[Records from a collection]

# # # # #

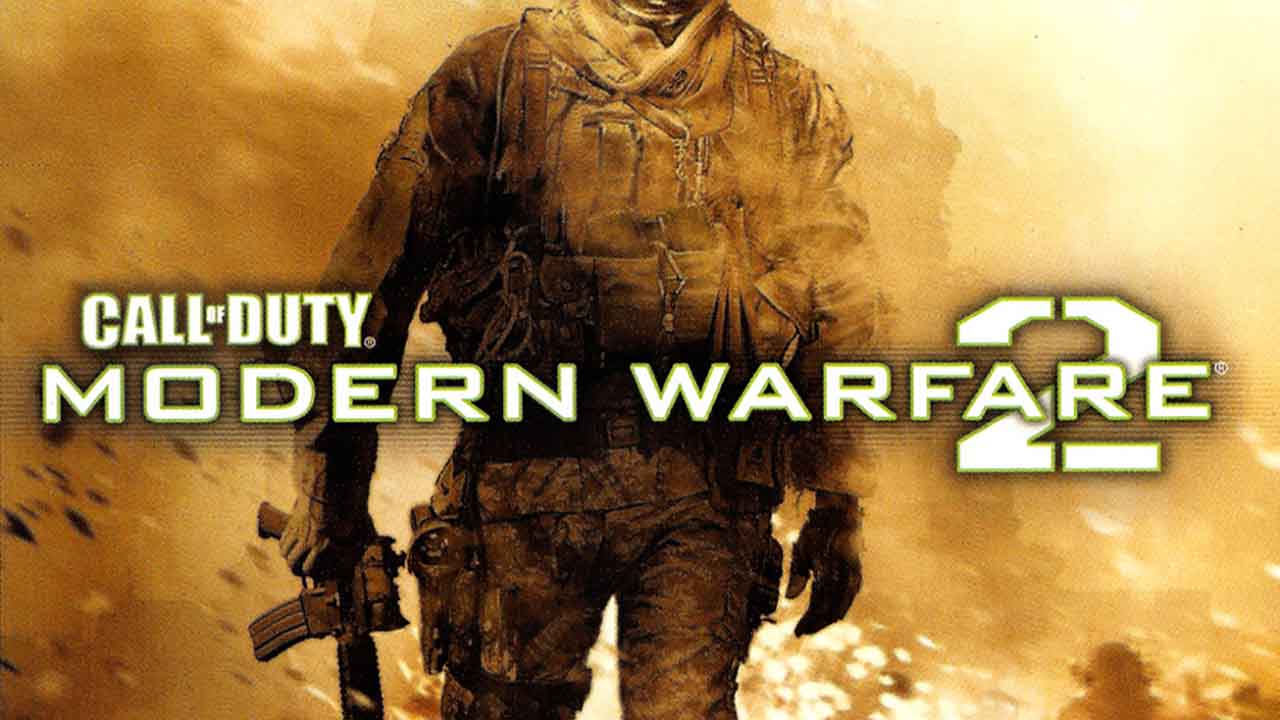 Call of Duty: Modern Warfare 2 (Game)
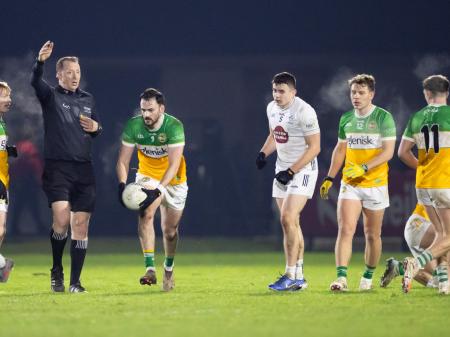 Win over Cork non negotiable in battle to avoid National Football League relegation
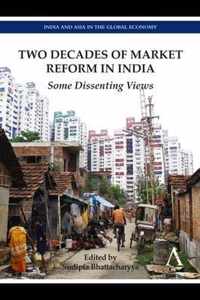 Two Decades of Market Reform in India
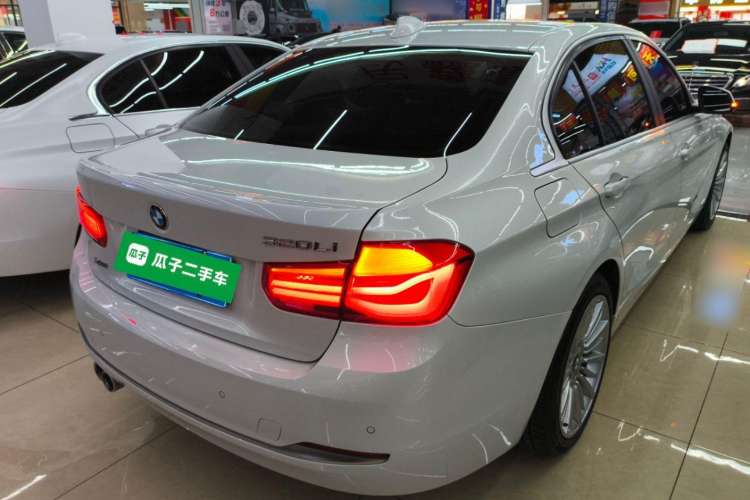 Used BMW 3 Series 2018 320Li xDrive Fashion Model
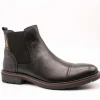 Botín Pikolinos M2M-8022C1 York Black de Hombre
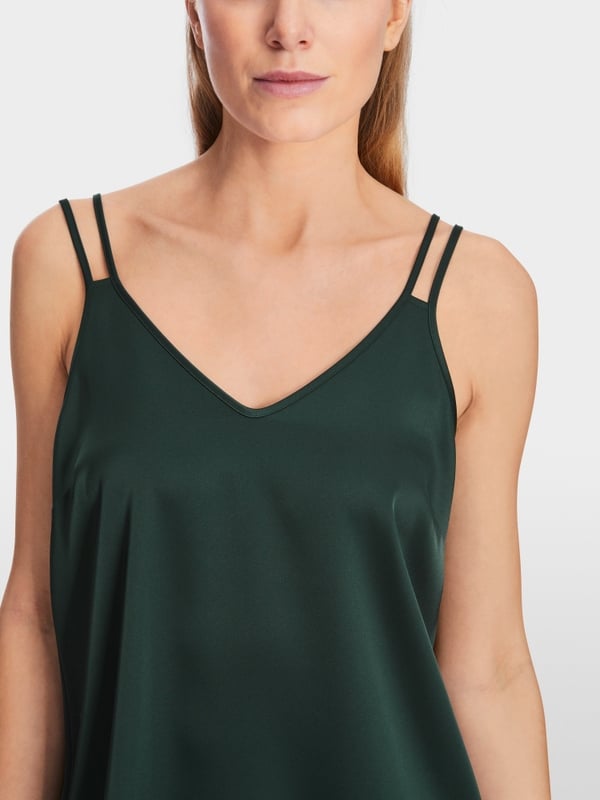 Marc Cain Locker geschnittenes Top Preisnachlass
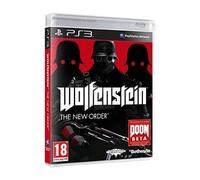 Wolfenstein The New Order PS3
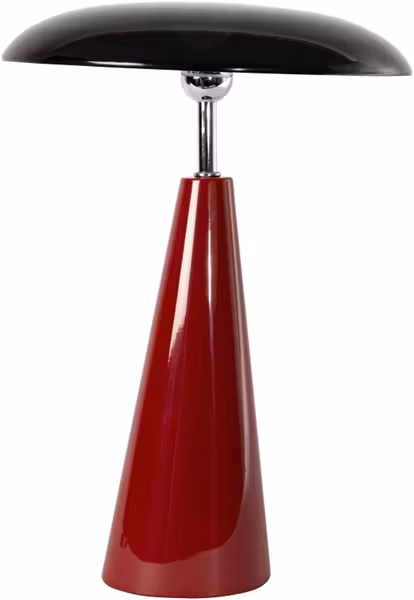 Lampe, The Audrey, Maroon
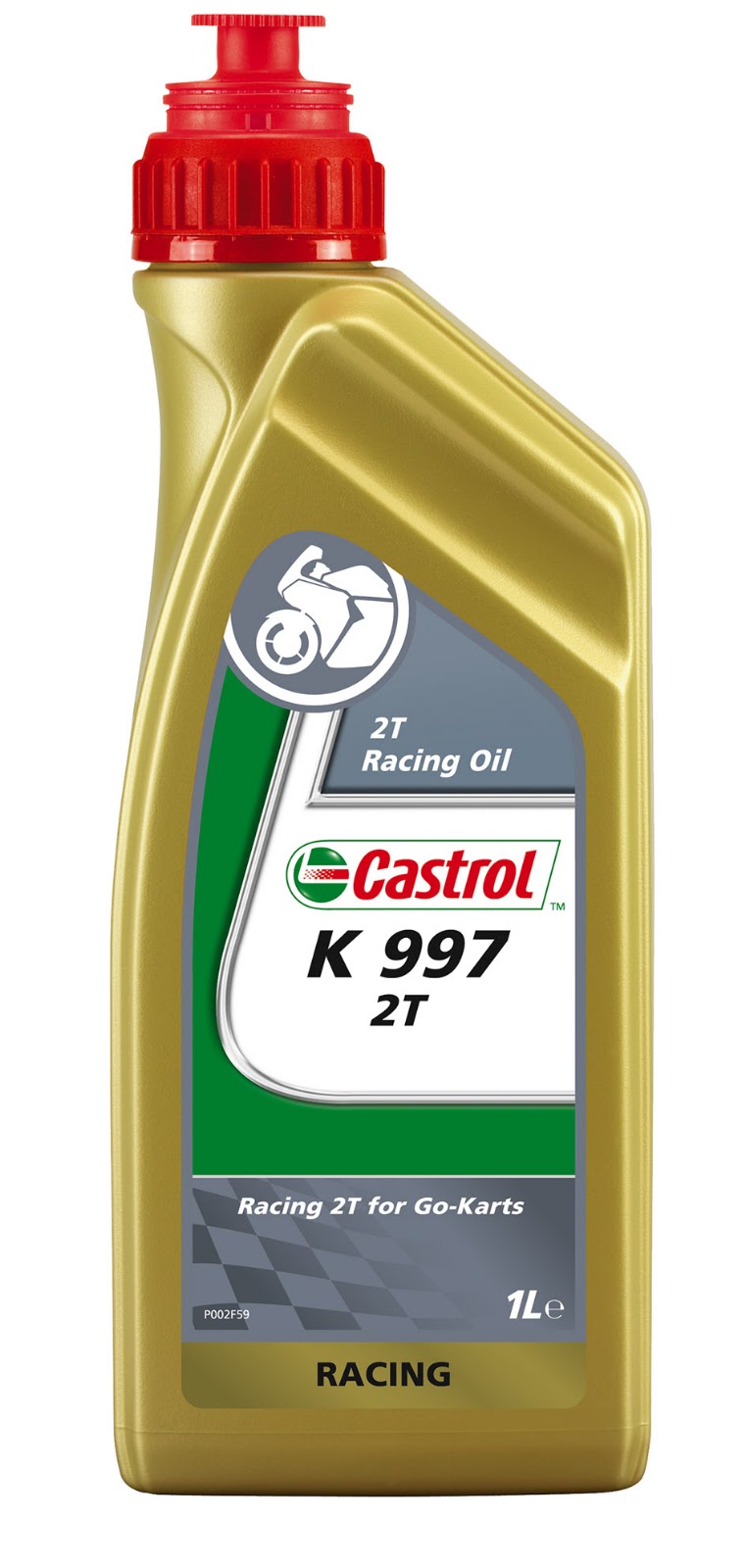 Castrol Racing K997 1 lt. 763003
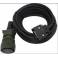 Mitsubishi servo encoder MR-ENCBL20M-L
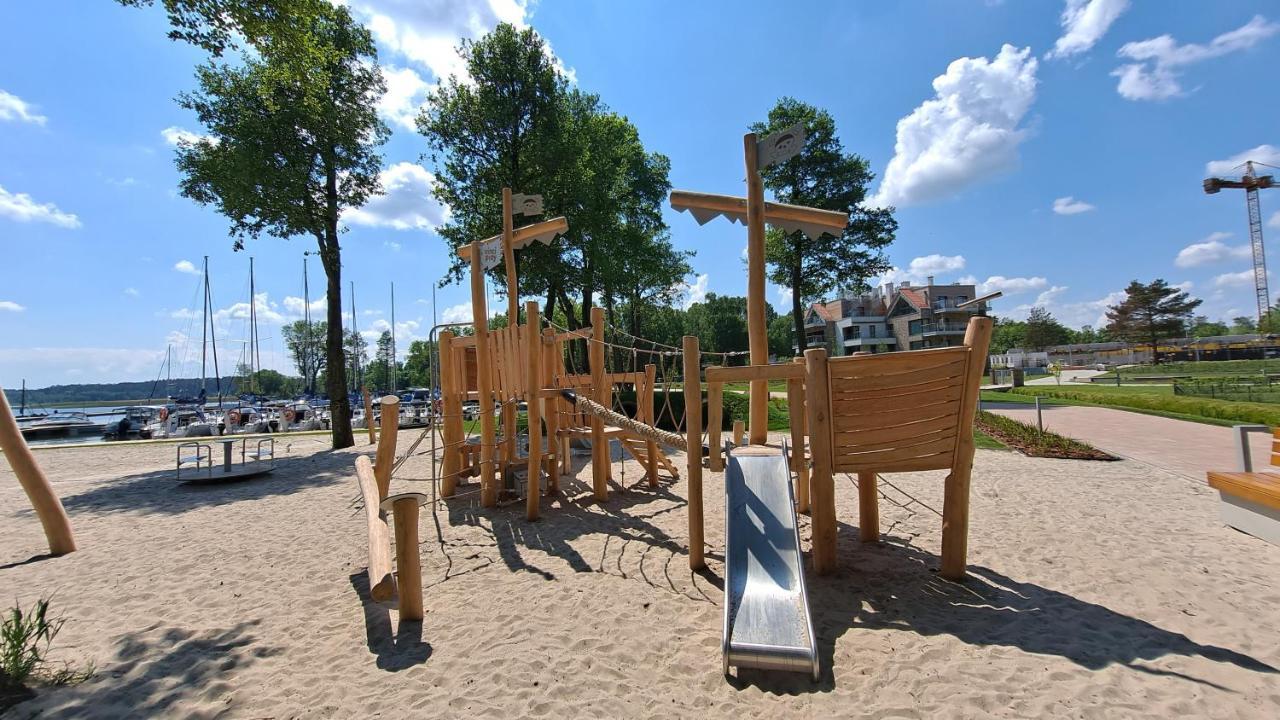 Apartament14 Niegocin 吉日茨科 外观 照片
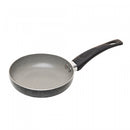 Frigideira Granito Chef Taupe 16cm Alumínio com Revestimento Antiaderente - Lyor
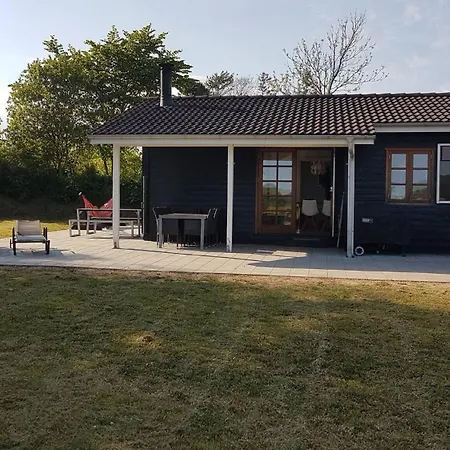 Summer House Loddenhj 度假居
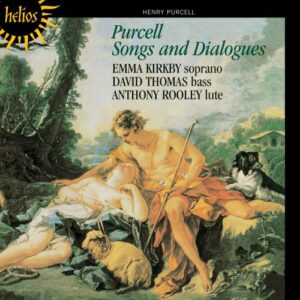 Henry Purcell : Songs & Dialogues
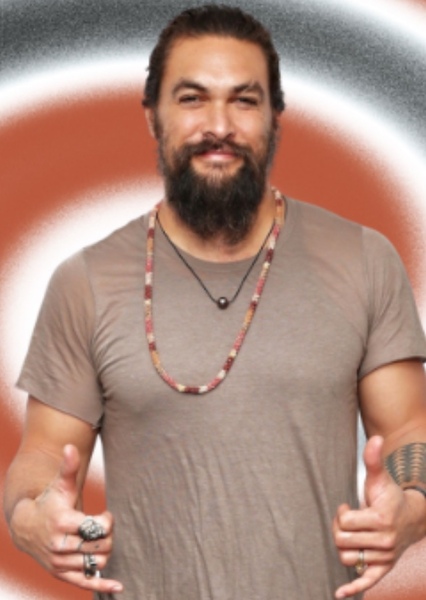 Jason Momoa (former Aquaman)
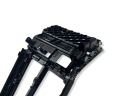 FRAME SELECTOR AUDI A6 S6 C8 4K 4K2864261C  photo 11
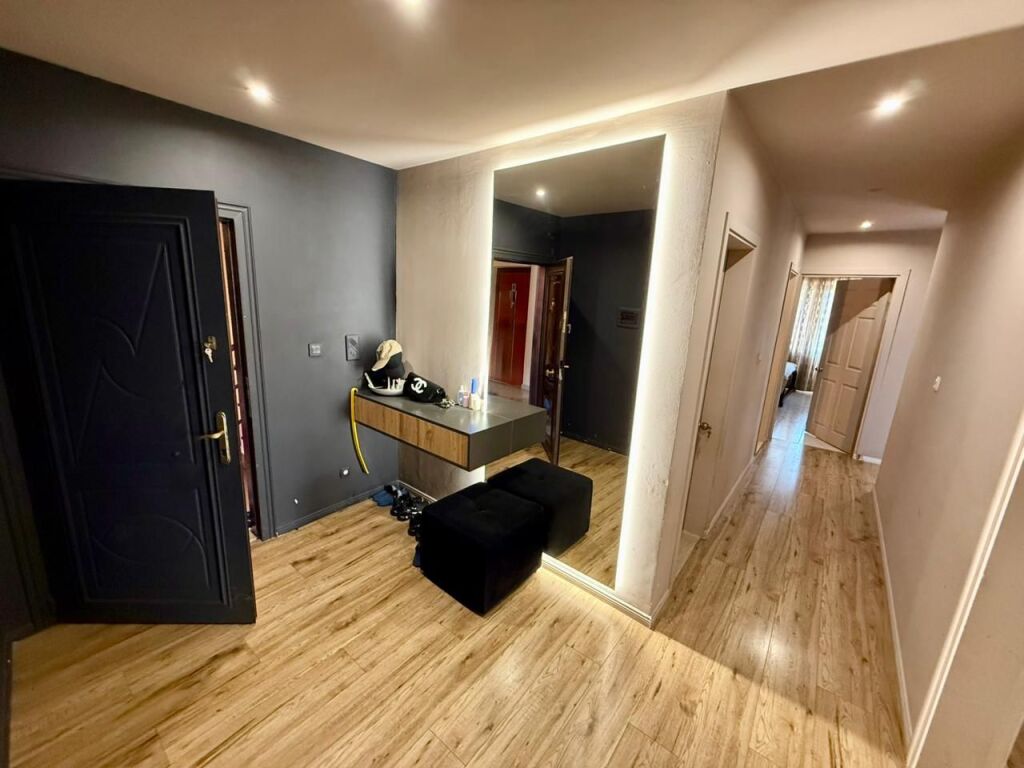 📣 FOR SALE Apartment 3+1+2 📍 Gintash Block, Laprake ✨💶 Price 200,000 Euro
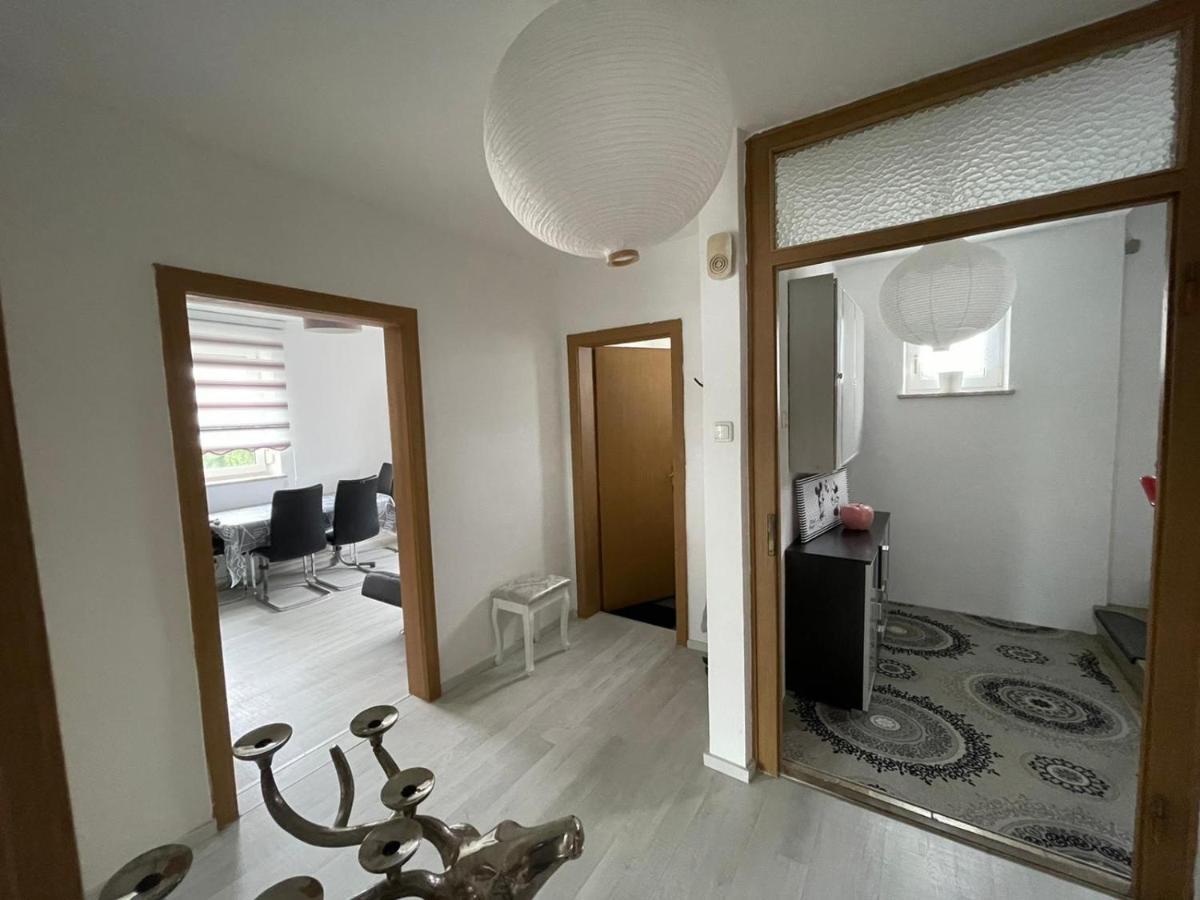 Guntia Apartment Mit Grossem Garten Günzburg Dış mekan fotoğraf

# # # # #

## TASK DIRECTIONS
Except for pictures, copy the records above exactly.

## RESULT FOR THIS TASK
 Call of Duty: Modern Warfare 2 (Game)
 Win over Cork non negotiable in battle to avoid National Football League relegation
 Two Decades of Market Reform in India
 Used BMW 3 Series 2018 320Li xDrive Fashion Model
 Botín Pikolinos M2M-8022C1 York Black de Hombre
 Marc Cain Locker geschnittenes Top Preisnachlass
 Wolfenstein The New Order PS3
 Lampe, The Audrey, Maroon
 Castrol Racing K997 1 lt. 763003
 Mitsubishi servo encoder MR-ENCBL20M-L
 Apartament14 Niegocin 吉日茨科 外观 照片
 Frigideira Granito Chef Taupe 16cm Alumínio com Revestimento Antiaderente - Lyor
 Summer House Loddenhj 度假居
 Henry Purcell : Songs & Dialogues
 Jason Momoa (former Aquaman)
 FRAME SELECTOR AUDI A6 S6 C8 4K 4K2864261C  photo 11
 📣 FOR SALE Apartment 3+1+2 📍 Gintash Block, Laprake ✨💶 Price 200,000 Euro
 Guntia Apartment Mit Grossem Garten Günzburg Dış mekan fotoğraf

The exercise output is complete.